Après avoir créé ses propres données climatiques, le Massif central a réalisé des simulations sur différentes pistes d’adaptation. Des simulations qui montrent bien l’ampleur des enjeux à venir.

Bien malin qui peut dire ce que sera l’agriculture de 2050. Mais nul ne peut nier aujourd’hui qu’elle sera fortement impactée par le dérèglement climatique. Une certitude qui est déjà au cœur des préoccupations, comme l’ont montré les réunions d’éleveurs qui se sont tenues dans le cadre du programme de recherche AP3C du Massif central. Un projet lancé en 2015 par les organisations professionnelles agricoles, réunies au sein de la Copamac-Sidam, pour évaluer les conséquences du changement climatique sur les systèmes de production du Massif central. Son originalité est d’avoir créé ses propres projections climatiques, avec l’aide d’un climatologue, et de les avoirs établies à une échelle territoriale très fine. Fort des évolutions climatiques attendues à l’horizon 2050 et de leurs conséquences sur les couverts végétaux, conseillers et éleveurs se sont retrouvés au cours de l’hiver dernier pour simuler des pistes d’adaptation des systèmes de production. Quelque 22 réunions qui ont rassemblé 130 éleveurs autour de 52 experts. « Il y a une véritable attente sur ce sujet. La participation a été très riche et les pistes d’adaptation à étudier très nombreuses, a expliqué Yann Bouchard, de la chambre d’agriculture du Cantal, lors du récent colloque de restitution des résultats. Ce travail a permis aux éleveurs de prendre du recul sur leurs systèmes actuels. »

Augmenter l’offre alimentaire ou réduire les effectifs

Les simulations ont été faites sur les cas-types du réseau Inosys, construits sur des exploitations réelles mais optimisés. Pour chacun, des pertes de rendements ont été estimées selon l’impact du changement climatique sur les différentes productions fourragères. Le déficit fourrager se situe entre 10 et 15 % selon les systèmes en année moyenne mais sera beaucoup plus élevé lors des fortes sécheresses. Sur ces bases, deux voies d’adaptation ont été étudiées : augmenter l’offre alimentaire (achats, augmenter la SFP ou la SAU, irrigation…) pour maintenir la production ou agir sur les besoins du troupeau en réduisant les effectifs. Plusieurs hypothèses ont été testées pour chacun des huit cas-types bovins lait. À conjonctures économique et politique constantes, quasiment toutes se traduisent par une perte de revenu disponible mais avec des amplitudes plus ou moins grandes.

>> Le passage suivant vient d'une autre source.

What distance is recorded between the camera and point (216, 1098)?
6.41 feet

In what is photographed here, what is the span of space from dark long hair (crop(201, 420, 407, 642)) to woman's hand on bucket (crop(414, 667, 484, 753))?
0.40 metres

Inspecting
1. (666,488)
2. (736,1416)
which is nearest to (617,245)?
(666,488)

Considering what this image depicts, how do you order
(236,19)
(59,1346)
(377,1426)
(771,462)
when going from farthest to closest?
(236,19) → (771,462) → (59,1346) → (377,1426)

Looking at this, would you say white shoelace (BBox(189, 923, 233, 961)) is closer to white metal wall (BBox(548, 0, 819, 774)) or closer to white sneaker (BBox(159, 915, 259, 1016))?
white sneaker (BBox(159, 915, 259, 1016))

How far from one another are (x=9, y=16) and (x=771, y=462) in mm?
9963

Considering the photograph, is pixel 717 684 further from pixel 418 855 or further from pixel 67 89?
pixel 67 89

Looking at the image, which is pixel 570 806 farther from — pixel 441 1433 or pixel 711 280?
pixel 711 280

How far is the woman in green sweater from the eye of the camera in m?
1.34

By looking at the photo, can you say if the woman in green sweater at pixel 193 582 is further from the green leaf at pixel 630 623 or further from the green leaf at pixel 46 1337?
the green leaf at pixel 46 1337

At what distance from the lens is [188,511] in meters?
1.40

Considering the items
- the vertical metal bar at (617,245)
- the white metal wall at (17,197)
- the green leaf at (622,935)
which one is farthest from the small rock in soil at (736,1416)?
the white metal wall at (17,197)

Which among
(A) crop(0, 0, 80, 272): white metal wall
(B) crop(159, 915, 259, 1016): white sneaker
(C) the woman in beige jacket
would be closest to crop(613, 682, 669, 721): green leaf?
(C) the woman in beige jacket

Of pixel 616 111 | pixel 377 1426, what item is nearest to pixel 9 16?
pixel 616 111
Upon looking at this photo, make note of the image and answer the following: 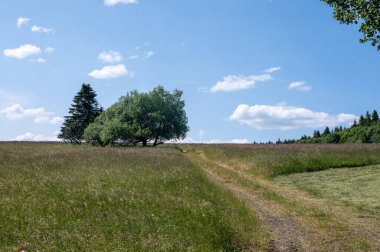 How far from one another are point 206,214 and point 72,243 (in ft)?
10.8

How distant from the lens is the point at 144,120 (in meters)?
60.2

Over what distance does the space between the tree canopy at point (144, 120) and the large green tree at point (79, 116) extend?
9.59 metres

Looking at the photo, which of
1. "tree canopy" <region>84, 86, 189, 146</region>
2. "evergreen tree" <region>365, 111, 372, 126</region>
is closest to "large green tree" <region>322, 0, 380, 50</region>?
"tree canopy" <region>84, 86, 189, 146</region>

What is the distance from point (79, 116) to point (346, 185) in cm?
6047

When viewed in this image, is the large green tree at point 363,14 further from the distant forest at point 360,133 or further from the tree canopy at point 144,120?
the distant forest at point 360,133

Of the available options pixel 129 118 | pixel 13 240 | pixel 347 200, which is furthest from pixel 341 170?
pixel 129 118

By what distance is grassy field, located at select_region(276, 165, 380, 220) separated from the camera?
587 inches

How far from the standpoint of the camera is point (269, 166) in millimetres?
24750

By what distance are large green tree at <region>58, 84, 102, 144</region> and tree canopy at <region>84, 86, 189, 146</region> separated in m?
9.59

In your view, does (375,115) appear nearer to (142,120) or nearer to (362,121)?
(362,121)

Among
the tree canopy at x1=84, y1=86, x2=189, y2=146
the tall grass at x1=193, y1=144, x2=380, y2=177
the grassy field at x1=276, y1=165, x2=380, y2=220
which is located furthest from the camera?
the tree canopy at x1=84, y1=86, x2=189, y2=146

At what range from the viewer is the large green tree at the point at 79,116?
73062 mm

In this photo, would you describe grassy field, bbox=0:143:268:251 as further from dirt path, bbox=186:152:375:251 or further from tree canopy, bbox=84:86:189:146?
tree canopy, bbox=84:86:189:146

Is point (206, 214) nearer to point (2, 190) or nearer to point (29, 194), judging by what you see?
point (29, 194) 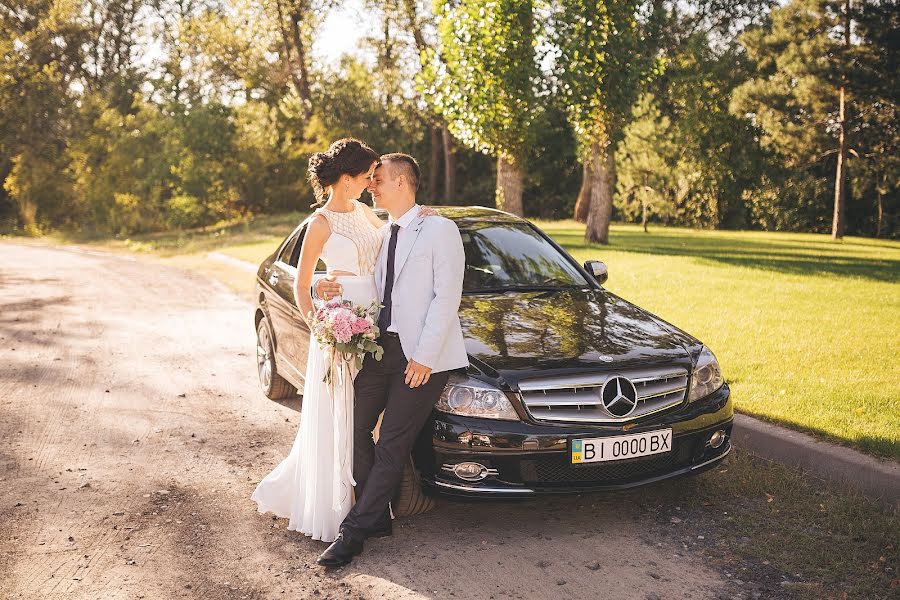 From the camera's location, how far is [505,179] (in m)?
17.9

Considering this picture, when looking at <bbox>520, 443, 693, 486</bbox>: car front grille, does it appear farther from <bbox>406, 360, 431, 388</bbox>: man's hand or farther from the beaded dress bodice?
the beaded dress bodice

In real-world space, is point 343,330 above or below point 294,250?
below

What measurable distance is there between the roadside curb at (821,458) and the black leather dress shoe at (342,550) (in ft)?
9.23

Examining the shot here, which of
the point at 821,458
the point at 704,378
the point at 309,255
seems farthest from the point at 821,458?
the point at 309,255

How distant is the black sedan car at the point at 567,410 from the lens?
13.1 ft

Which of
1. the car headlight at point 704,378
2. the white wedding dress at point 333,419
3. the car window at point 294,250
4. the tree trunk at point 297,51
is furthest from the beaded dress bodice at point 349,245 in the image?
the tree trunk at point 297,51

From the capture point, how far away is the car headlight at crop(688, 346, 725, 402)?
445 centimetres

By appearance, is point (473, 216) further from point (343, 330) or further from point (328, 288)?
point (343, 330)

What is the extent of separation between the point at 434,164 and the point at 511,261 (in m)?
31.4

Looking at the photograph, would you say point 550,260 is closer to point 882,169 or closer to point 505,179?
point 505,179

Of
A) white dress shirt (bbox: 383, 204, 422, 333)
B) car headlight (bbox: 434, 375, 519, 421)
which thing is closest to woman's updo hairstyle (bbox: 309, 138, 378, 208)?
white dress shirt (bbox: 383, 204, 422, 333)

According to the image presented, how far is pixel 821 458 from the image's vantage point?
5.04 metres

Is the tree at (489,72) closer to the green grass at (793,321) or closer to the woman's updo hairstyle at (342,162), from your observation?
the green grass at (793,321)

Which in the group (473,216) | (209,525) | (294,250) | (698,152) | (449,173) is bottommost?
(209,525) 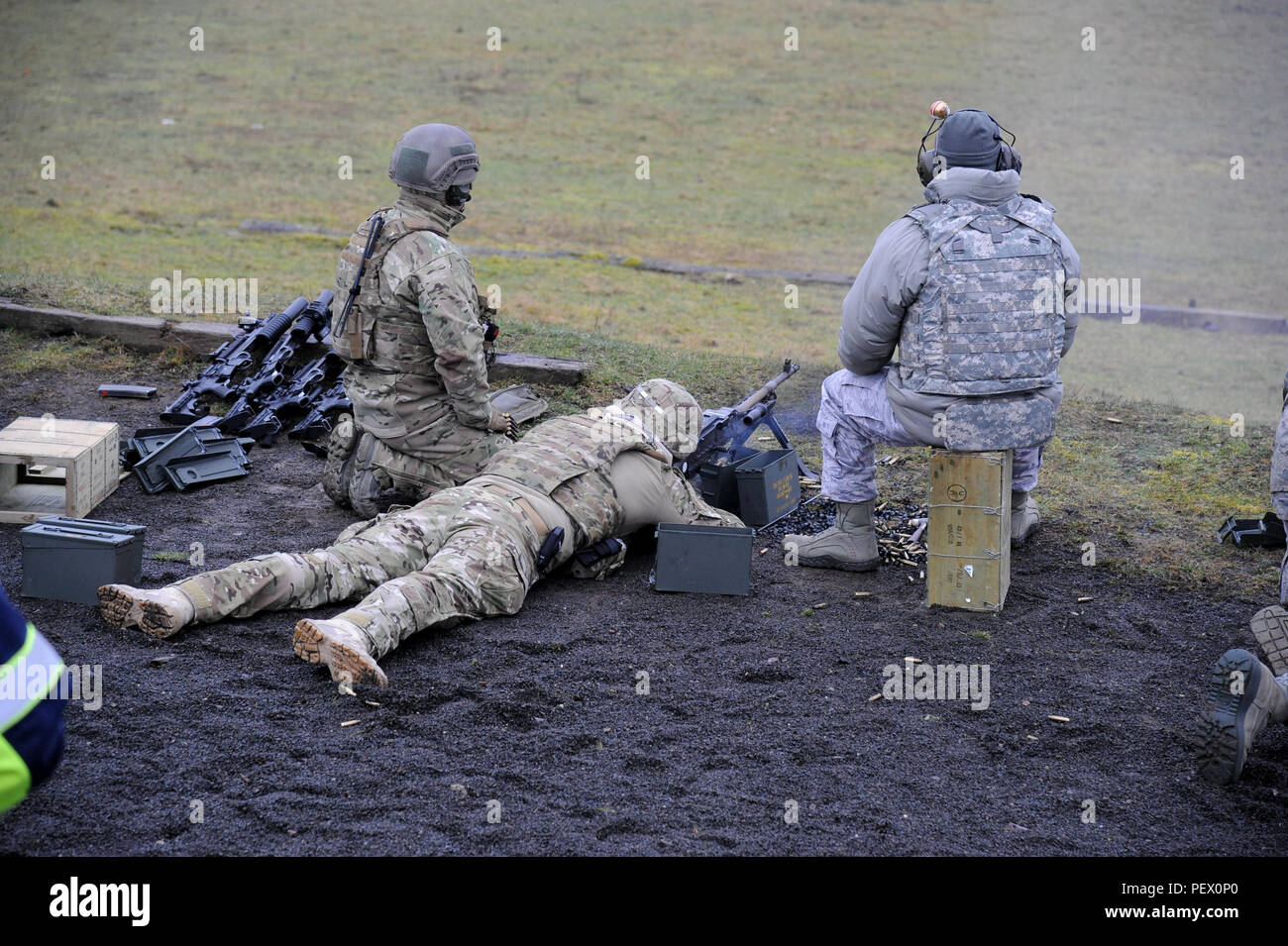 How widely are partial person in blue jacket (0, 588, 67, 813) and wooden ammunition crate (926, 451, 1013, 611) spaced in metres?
4.06

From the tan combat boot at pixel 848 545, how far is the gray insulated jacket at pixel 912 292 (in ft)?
2.06

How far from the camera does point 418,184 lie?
6.36 metres

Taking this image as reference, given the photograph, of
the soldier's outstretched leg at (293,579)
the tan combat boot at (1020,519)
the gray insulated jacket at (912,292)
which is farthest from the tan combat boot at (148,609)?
the tan combat boot at (1020,519)

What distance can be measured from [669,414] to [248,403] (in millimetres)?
3186

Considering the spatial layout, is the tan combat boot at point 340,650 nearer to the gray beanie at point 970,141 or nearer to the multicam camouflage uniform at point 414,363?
the multicam camouflage uniform at point 414,363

L’irrigation et la baisse de cheptel dégradent fortement le revenu

Dans le système maïs-herbe des franges sud de l’Auvergne, supprimer les céréales pour augmenter la SFP fait perdre 20 % de revenu. Avec l’irrigation, c’est encore pire (-30 %) : l’investissement est trop lourd pour juste sécuriser les rendements fourragers. La baisse de cheptel est tout aussi pénalisante (-28 %). L’achat de fourrages (-13 %) et la location de foncier pour agrandir la SAU (-11 %) le sont un peu moins. Pour le système bio des zones granitiques (Mont du Forez, Pilat), la hiérarchie des pertes de revenu est identique mais elles sont un peu moins fortes : -12 % pour les achats compensateurs, -18 % pour la baisse de l’effectif, -3 % pour l’agrandissement par achat. En revanche, lors des années très sèches (30 % de déficit fourrager), les deux premières pistes d’adaptation dégraderaient le revenu de 35 à 38 %. Dans le système herbager de montagne, les pertes de revenu sont du même ordre de grandeur. Dans le système de plaine avec cultures, un des meilleurs moyens de ne pas trop l’impacter serait d’introduire de la betterave fourragère aux dépens des céréales (-3 %). Les conseillers à l’origine de ces simulations pointent eux-mêmes les limites de ces simulations et invitent à les interpréter avec prudence. Elles posent davantage de questions qu’elles n’apportent de réponses. Chaque piste est étudiée séparément alors que les éleveurs devront juxtaposer un ensemble de solutions pour limiter les effets du changement climatique sur leur exploitation. De nouvelles simulations sont prévues pour les mixer.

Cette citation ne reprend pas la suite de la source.